## [Directions for this task]
Present an exact copy of each line below.

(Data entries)
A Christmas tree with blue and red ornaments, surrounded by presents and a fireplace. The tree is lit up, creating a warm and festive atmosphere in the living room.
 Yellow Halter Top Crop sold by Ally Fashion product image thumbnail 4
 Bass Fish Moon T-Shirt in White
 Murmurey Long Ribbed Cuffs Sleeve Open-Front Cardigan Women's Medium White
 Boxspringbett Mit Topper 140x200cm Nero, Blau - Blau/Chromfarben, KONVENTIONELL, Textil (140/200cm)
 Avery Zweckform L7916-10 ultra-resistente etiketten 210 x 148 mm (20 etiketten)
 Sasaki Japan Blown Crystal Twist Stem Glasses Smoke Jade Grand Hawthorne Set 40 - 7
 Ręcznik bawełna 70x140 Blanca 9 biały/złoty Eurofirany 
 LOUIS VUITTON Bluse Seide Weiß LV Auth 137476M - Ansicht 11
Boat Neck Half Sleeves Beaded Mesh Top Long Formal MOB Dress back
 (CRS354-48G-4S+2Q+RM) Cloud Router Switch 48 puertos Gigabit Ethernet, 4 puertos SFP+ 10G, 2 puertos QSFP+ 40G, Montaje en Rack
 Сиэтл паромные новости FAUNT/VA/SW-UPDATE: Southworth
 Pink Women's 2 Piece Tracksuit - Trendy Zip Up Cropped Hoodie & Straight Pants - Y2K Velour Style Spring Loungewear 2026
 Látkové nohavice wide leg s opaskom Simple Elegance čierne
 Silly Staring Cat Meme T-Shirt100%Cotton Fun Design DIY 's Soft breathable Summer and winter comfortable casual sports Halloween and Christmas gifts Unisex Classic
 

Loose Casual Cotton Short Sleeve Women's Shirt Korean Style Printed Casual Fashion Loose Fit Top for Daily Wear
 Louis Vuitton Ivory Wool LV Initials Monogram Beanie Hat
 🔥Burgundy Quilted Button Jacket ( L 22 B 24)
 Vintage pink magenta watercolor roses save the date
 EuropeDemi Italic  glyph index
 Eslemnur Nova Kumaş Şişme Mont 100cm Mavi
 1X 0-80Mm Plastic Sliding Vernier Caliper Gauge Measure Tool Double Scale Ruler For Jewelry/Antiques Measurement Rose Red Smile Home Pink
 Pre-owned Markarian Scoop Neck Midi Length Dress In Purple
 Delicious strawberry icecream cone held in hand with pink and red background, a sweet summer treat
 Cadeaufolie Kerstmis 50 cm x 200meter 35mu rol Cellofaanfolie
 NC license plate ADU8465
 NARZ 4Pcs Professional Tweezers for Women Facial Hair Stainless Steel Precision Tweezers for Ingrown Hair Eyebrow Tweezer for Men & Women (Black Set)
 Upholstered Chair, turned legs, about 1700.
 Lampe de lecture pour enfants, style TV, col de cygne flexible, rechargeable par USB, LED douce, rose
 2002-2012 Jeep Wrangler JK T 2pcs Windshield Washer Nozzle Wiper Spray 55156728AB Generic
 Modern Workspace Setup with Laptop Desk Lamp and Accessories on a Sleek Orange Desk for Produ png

## [Written answer]
A Christmas tree with blue and red ornaments, surrounded by presents and a fireplace. The tree is lit up, creating a warm and festive atmosphere in the living room.
 Yellow Halter Top Crop sold by Ally Fashion product image thumbnail 4
 Bass Fish Moon T-Shirt in White
 Murmurey Long Ribbed Cuffs Sleeve Open-Front Cardigan Women's Medium White
 Boxspringbett Mit Topper 140x200cm Nero, Blau - Blau/Chromfarben, KONVENTIONELL, Textil (140/200cm)
 Avery Zweckform L7916-10 ultra-resistente etiketten 210 x 148 mm (20 etiketten)
 Sasaki Japan Blown Crystal Twist Stem Glasses Smoke Jade Grand Hawthorne Set 40 - 7
 Ręcznik bawełna 70x140 Blanca 9 biały/złoty Eurofirany 
 LOUIS VUITTON Bluse Seide Weiß LV Auth 137476M - Ansicht 11
Boat Neck Half Sleeves Beaded Mesh Top Long Formal MOB Dress back
 (CRS354-48G-4S+2Q+RM) Cloud Router Switch 48 puertos Gigabit Ethernet, 4 puertos SFP+ 10G, 2 puertos QSFP+ 40G, Montaje en Rack
 Сиэтл паромные новости FAUNT/VA/SW-UPDATE: Southworth
 Pink Women's 2 Piece Tracksuit - Trendy Zip Up Cropped Hoodie & Straight Pants - Y2K Velour Style Spring Loungewear 2026
 Látkové nohavice wide leg s opaskom Simple Elegance čierne
 Silly Staring Cat Meme T-Shirt100%Cotton Fun Design DIY 's Soft breathable Summer and winter comfortable casual sports Halloween and Christmas gifts Unisex Classic
 

Loose Casual Cotton Short Sleeve Women's Shirt Korean Style Printed Casual Fashion Loose Fit Top for Daily Wear
 Louis Vuitton Ivory Wool LV Initials Monogram Beanie Hat
 🔥Burgundy Quilted Button Jacket ( L 22 B 24)
 Vintage pink magenta watercolor roses save the date
 EuropeDemi Italic  glyph index
 Eslemnur Nova Kumaş Şişme Mont 100cm Mavi
 1X 0-80Mm Plastic Sliding Vernier Caliper Gauge Measure Tool Double Scale Ruler For Jewelry/Antiques Measurement Rose Red Smile Home Pink
 Pre-owned Markarian Scoop Neck Midi Length Dress In Purple
 Delicious strawberry icecream cone held in hand with pink and red background, a sweet summer treat
 Cadeaufolie Kerstmis 50 cm x 200meter 35mu rol Cellofaanfolie
 NC license plate ADU8465
 NARZ 4Pcs Professional Tweezers for Women Facial Hair Stainless Steel Precision Tweezers for Ingrown Hair Eyebrow Tweezer for Men & Women (Black Set)
 Upholstered Chair, turned legs, about 1700.
 Lampe de lecture pour enfants, style TV, col de cygne flexible, rechargeable par USB, LED douce, rose
 2002-2012 Jeep Wrangler JK T 2pcs Windshield Washer Nozzle Wiper Spray 55156728AB Generic
 Modern Workspace Setup with Laptop Desk Lamp and Accessories on a Sleek Orange Desk for Produ png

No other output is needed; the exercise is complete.